L’attesa è finita, il 26 giugno 2019 è iniziato a Bari  il tour di Laura Pausini e Biagio Antonacci. Hanno scelto proprio Bari per cominciare perché Biagio ha un rapporto speciale con questa terra per il suo legame familiare infatti, Laura dedica questo spettacolo al padre di Biagio, Paolo Antonacci.
bari pausini antonacci
di Gegé Cifinelli

E’ un concerto ma anche uno spettacolo maestoso realizzato in omaggio alla loro amicizia sincera e pura. Due anime che si completano e che vivono questa esperienza insieme, per la prima volta. Ci sono 16 schermi, due palcoscenici a forma delle loro iniziali: L e B e una passerella a forma di due frecce che si incontrano, simbolo anche del tour. Otto minuti prima del concerto viene proiettato un documentario col quale hanno condiviso il percorso che da gennaio fino a novanta secondi prima dell’inizio del concerto è fatto; inoltre questo video è stato proiettato ogni ora, diviso in otto parti da un minuto fin dall’apertura dei cancelli. Finalmente lo spettacolo è iniziato, Laura e Biagio salgono sul palco cavalcando due cavalli digitali, la scenografia rimanda al film “Il gladiatore” e al mondo di “Woodkid” . L’esibizione ha inizio con Emergenza d’amore, suonata da entrambi con solamente due chitarre, una color corallo e l’altra di color ottanio, la carica si  percepisce nell’aria e il pubblico è sempre più entusiasta. In seguito cantano “Resta in ascolto” dove allo spettacolo si aggiunge la band. Il pubblico in tribuna vuole entrare in contatto con loro e inizia a scavalcare nel momento in cui parte “Il coraggio di andare”, scritta anche in spagnolo, terra dove ha riscontrato un enorme successo vincendo anche un premio.

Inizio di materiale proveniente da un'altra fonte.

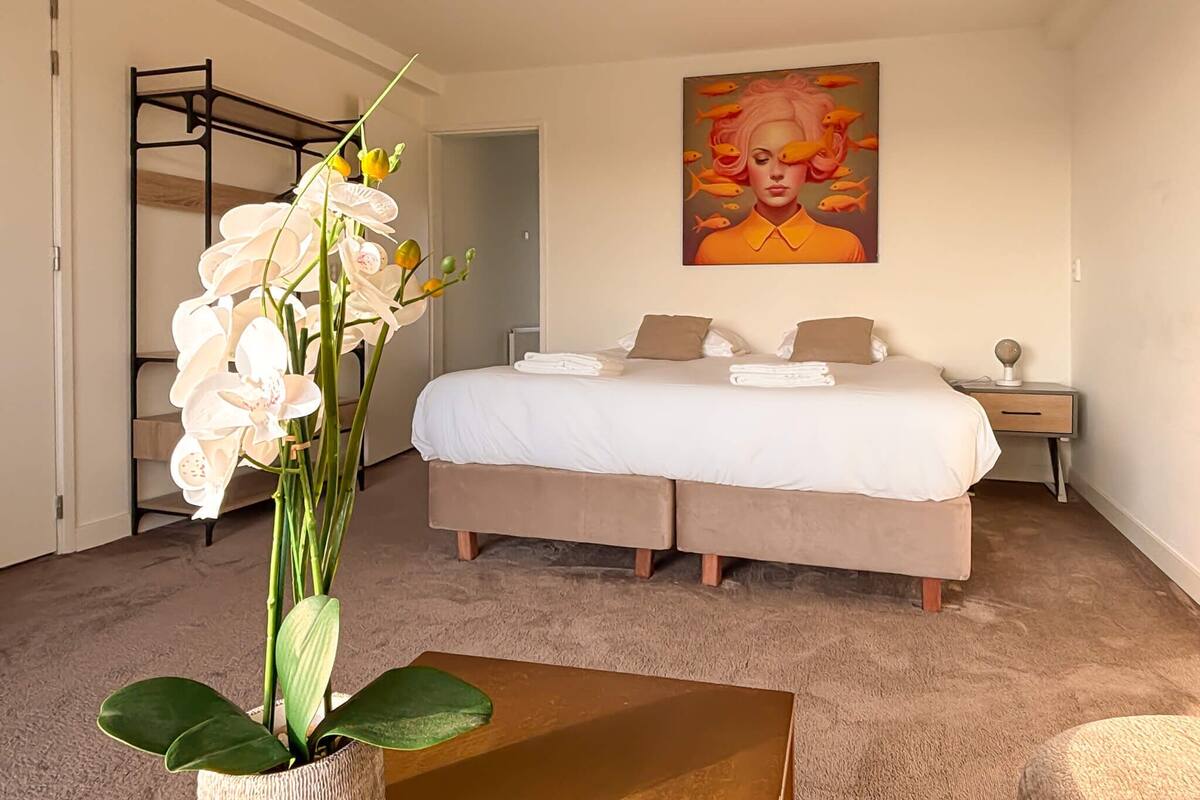 A bedroom with a bed, a nightstand, a lamp, a painting, and a potted orchid.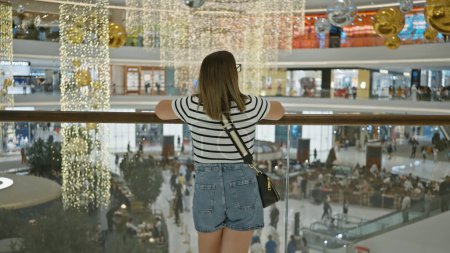 Téléchargez les photos : Vue arrière d'une femme brune admirant l'intérieur d'un luxueux centre commercial dubai avec des décorations suspendues. - en image libre de droit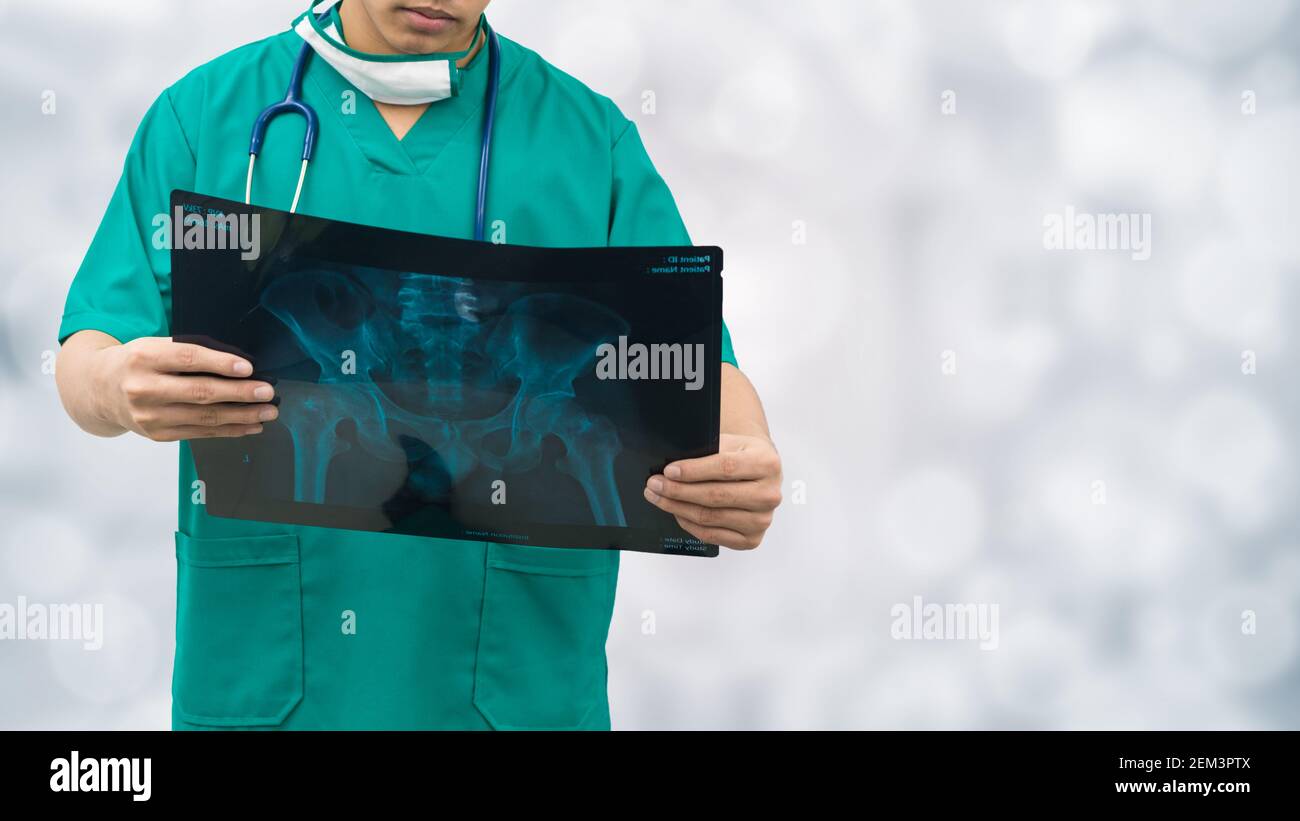 Surgical doctor examining xray film, diagnose patient 's waist bone. Surgery operation concept. Stock Photo
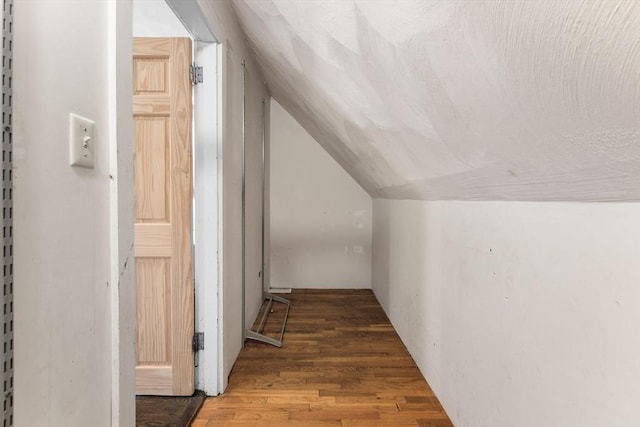 hallway featuring lofted ceiling and wood finished floors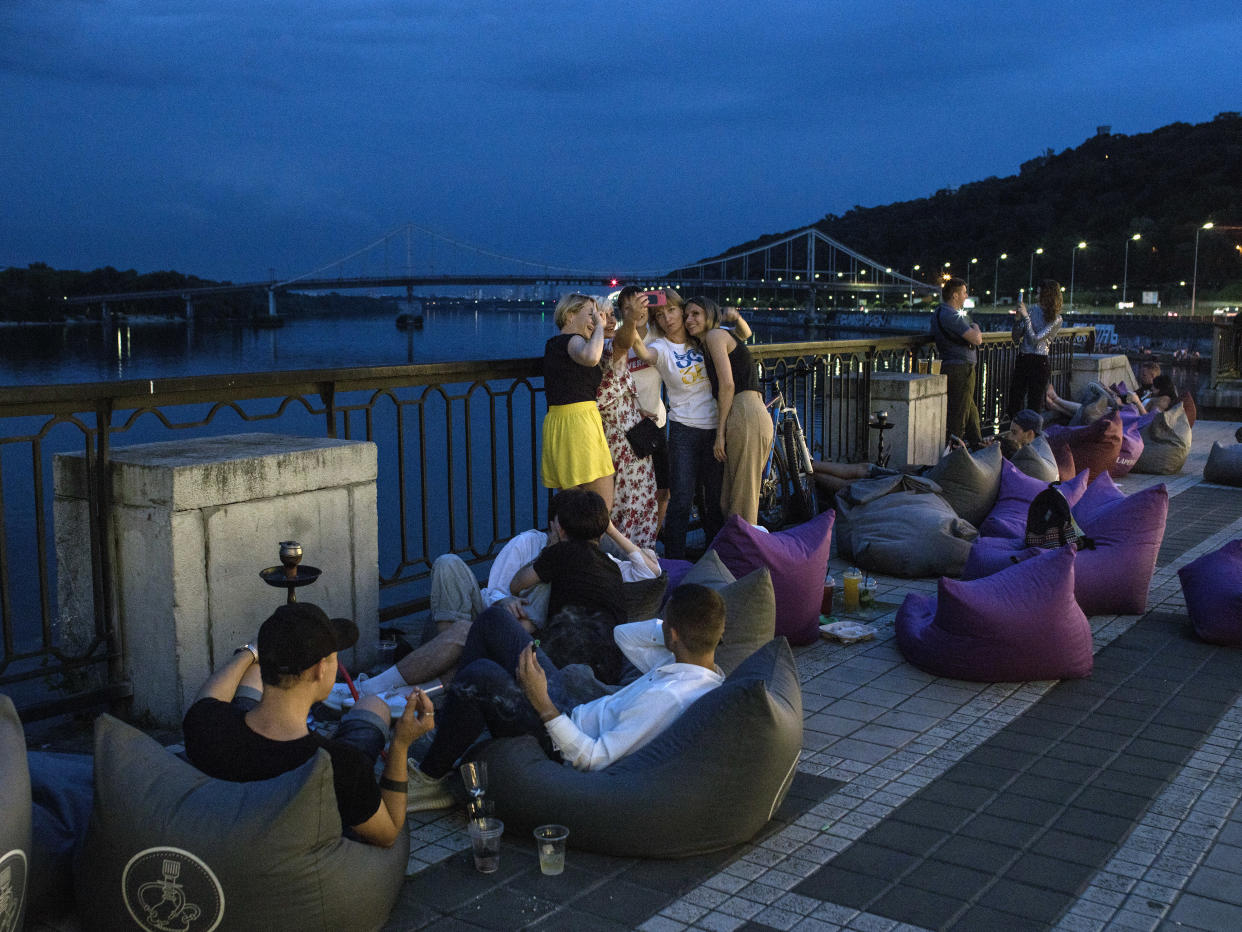 Los juerguistas disfrutan de su tiempo junto al río Dniéper media hora antes de que comience el toque de queda en Kiev el 16 de julio de 2022. (Laura Boushnak/The New York Times)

Il palcoscenico si colora di ottanio, evidenziando le loro iniziali ma anche la loro bellissima amicizia ed emozione. Successivamente Laura saluta i suoi fan calorosamente sulle note di “E.Sta.te” dove il palco assume i colori dell’arcobaleno, accompagnato dal corpo di ballo costituito da sei ragazzi e tre ragazze che danzano sotto un arco posto alla fine del palcoscenico, a stretto contatto con il pubblico. Un altro brano rappresentativo è “Mi fai stare bene” introdotto da Laura con una dichiarazione molto dolce…“mi fai stare bene”. A questo punto c’è il primo colpo di scena da parte di Biagio che si traveste e interpreta Charlie Chaplin ispirandosi al film “Il dittatore” in cui cerca di conquistare con un fiore Laura che non è presente sul palco. Il “corteggiamento” fra loro si infiamma con Sognami, Laura interpreta una geisha e i richiami sono tutti al paese del Sollevante, ma dai video gli artisti si materializzano sul palco e allora si lanciano in un sensuale tango che esplicita il loro feeling. Laura lascia spazio a Biagio che emoziona tutto il pubblico con “Una storia che vale” mentre la Pausini si sta preparando per un emozionante duetto al fianco di Biagio con “Lato destro del cuore”, le luci rosse accompagnano il brano  trasmettendo ulteriori emozioni. Laura si prende il palco in solitaria con “La geografia del mio cammino “e “Le cose che vivi”. Biagio e Laura decidono di portarci indietro nel tempo con il loro medley in cui si intrecciano alcuni brani iconici della Pausini come “La solitudine”, “In assenza di te” e allora la serata diventa “Incancellabile” come l’omonimo brano interpretato magistralmente dai due artisti. Il fantastico medley continua con “Strani amori” come quelli che tutti noi abbiamo vissuto e che inevitabilmente ci segnano e ci fanno sentire “Simili”; e con questo brano termina il medley per lasciare spazio a una intervista doppia fatta ai fratelli di Biagio e Laura, graziano e silvia, in cui mostrano il lato umano di due star del nostro panorama musicale.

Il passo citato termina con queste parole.